Big Serge and I sat next to each other during sessions of our OMSA Student Orientation. It was surreal for me, since just six months prior, I was in the crowd at Carver Arena watching Manual win a state title against Chicago area stalwarts like Whitney Young and Thornton.
And those teams I saw under Kruger and Self were good ones. And even before that, as a native Chicagoan, I got to cheer for Deon Thomas, Kendall Gill, Marcus Liberty, and Nick Anderson, among others.
The University of Illinois was truly the University of Illinois.
This is a different era.
The University of Illinois is an elite public university. Perhaps now, even more so than before. But it is a true global school.
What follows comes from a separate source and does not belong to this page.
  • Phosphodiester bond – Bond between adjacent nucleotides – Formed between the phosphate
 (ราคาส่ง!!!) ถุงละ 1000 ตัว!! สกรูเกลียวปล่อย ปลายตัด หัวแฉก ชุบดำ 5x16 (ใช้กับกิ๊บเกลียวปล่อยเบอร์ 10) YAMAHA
The best and brightest regularly make their academic home in Champaign-Urbana.
So now, when you tell people you (or your kids) go/went to the University of Illinois, you can tell them that you didn’t have to go to Ann Arbor, Iowa City, or Madison to get a “real college experience.” You can tell them that Shad Khan, Larry Gies, and Josh Whitman represent your school.
And you can tell them that now, Brad Underwood has given an elite global university an elite global basketball program.
It can’t be underscored enough that this wasn’t a season in a vacuum. Oh no, this was a part of a broader era of Illinois hoops.
Two trips to the Elite Eight and beyond in three years is special for a program that, in previous elite eras, was more of a top-15 program year after year.
Doing so with a largely international roster of skilled, intelligent humans that looks an awful lot like The Beloved itself is icing on the cake.
Can you imagine the hilarious on-court interactions Giorgi and Mirk would have had? Kylan and Ayo putting fools in captivity with tenacious defense? Tomislav Ivisic making that one extra pass to make sure Alfonso Plummer got the perfect shot?
The manic dream state this kind of historical greatness induces has special meaning for those who actually can recite from memory how the original Kam’s smelled at 9:00 vs. after midnight.
There will be ups. There will be downs. But the Illinois alumni and family base has a chance to redefine the entire fandom.
For the finance bros in River North with Gies MBAs and the LAS grads who oversee teams at Express Scripts, wear your fandom with pride.
To the fixed-income analysts at Wells Fargo in Minneapolis and the accountant at EY in the West Loop, follow the Larry Gies example and show the world what a successful Illinois alumna or alumnus looks like.
Every airport, outdoor festival show, four-star and above hotel lobby, and major professional convention should feature orange and blue neckwear and alumni pins.
You get to root for people like Cam Crocker. And I must say, that’s pretty damned cool.
Represent, like our friends from Michigan, Indiana, USC, and Notre Dame, always seem to do. Hook ‘em Horns? Sure.. But all the Illini working at Apple and Amazon, show your colleagues in South Texas the correct shade of orange to rock.
With the job Josh Whitman, Bret Bielema, Shauna Green, and Brad Underwood have done raising the profile of the DIA, public displays of affection for your alma mater mean more now that the entire nation is taking notice.
National pundits like Michael Wilbon (who is the best thing about Northwestern) and Colin Cowherd (who lives in Chicago now) are talking about the Illini renaissance.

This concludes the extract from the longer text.